On June 8, Representatives Simpson (R-ID) and Schrader (D-OR), introduced the Wildfire Disaster Funding Act of 2017 (H.R. 2862).  The bill would change the way the federal government pays for the worst wildfires – and end the damaging practice of fire borrowing – taking funds from non-fire activities mid-year to pay for fire suppression.  The effect has been shrinking and shifting budgets from management and recreation activities to wildfire suppression. In 2016, the total cost for fire suppression to the Federal Government topped out at $2 nearly billion.  With 100 million Americans now in the ‘wildland urban interface,’ the risks to property and lives from wildfires is ever greater.  In 2016, more than 3,000 homes and structures were destroyed by wildfires.
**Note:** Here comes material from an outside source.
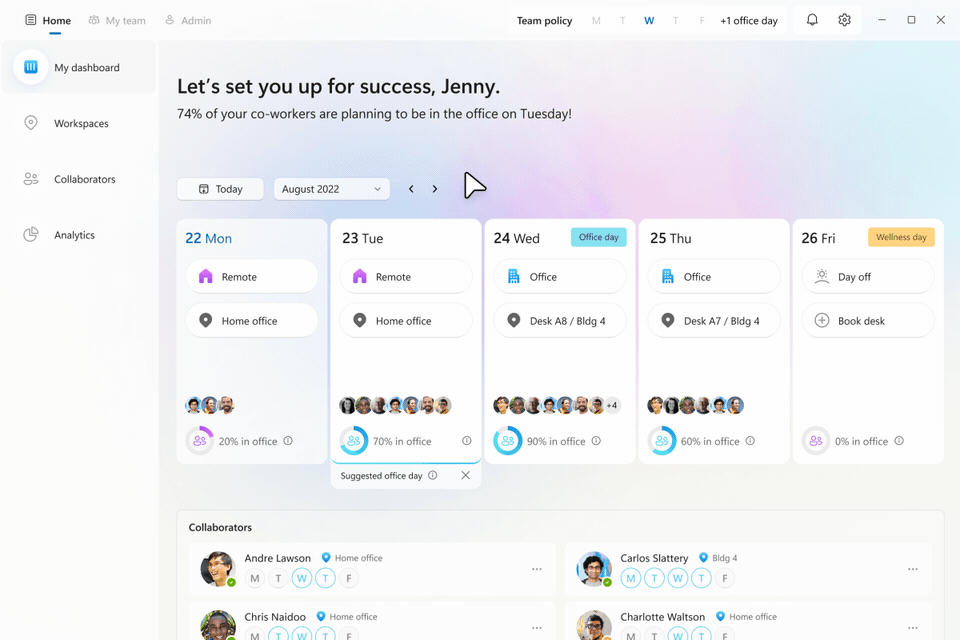 Weekly view of colleagues planned locations.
In the last two decades, fire suppression has ballooned from approximately 15 percent of the Forest Service’s budget to more than 50 percent of the overall budget. The reason is two-fold, climate change is causing hotter and drier conditions, and more people living in the wildland urban interface means more fires have to be suppressed.  The result is overstocked forests that are literal tinderboxes.

If nothing is done to address fire borrowing, fire suppression activities could balloon to 70 percent of the Forest Service’s total budget by 2025. The U.S. Forest Service, forestry, environmental and labor groups have been seeking the change for several years (EESI is a supporting member of the Partner Caucus on Fire Suppression Funding Solutions). The new bill attempts to address previous concerns from lawmakers that creating a separate disaster cap for wildfires is akin to writing the U.S. Forest Service a “blank check.”   The new bill would:

Fund 100 percent of the 2015 fire suppression level (as opposed to 70 percent), which freezes the 10-year average and stabilizes funding levels (a major concern of some lawmakers),
Fund wildfire suppression costs above the 10-year average out of a separate disaster cap,
Have the Forest Service report funding levels each year as well as provide budgetary forecasts, to better estimate funding needs.

According to Representative Simpson (R-ID), “I have seen the cost of wildfires in Idaho and the impacts it has on our forests when funds that are planned for forest management are used to fight wildfires… It is time to acknowledge that catastrophic wildfires should be funded like natural disasters so we can ensure that land managers have the resources they need to properly manage forests.”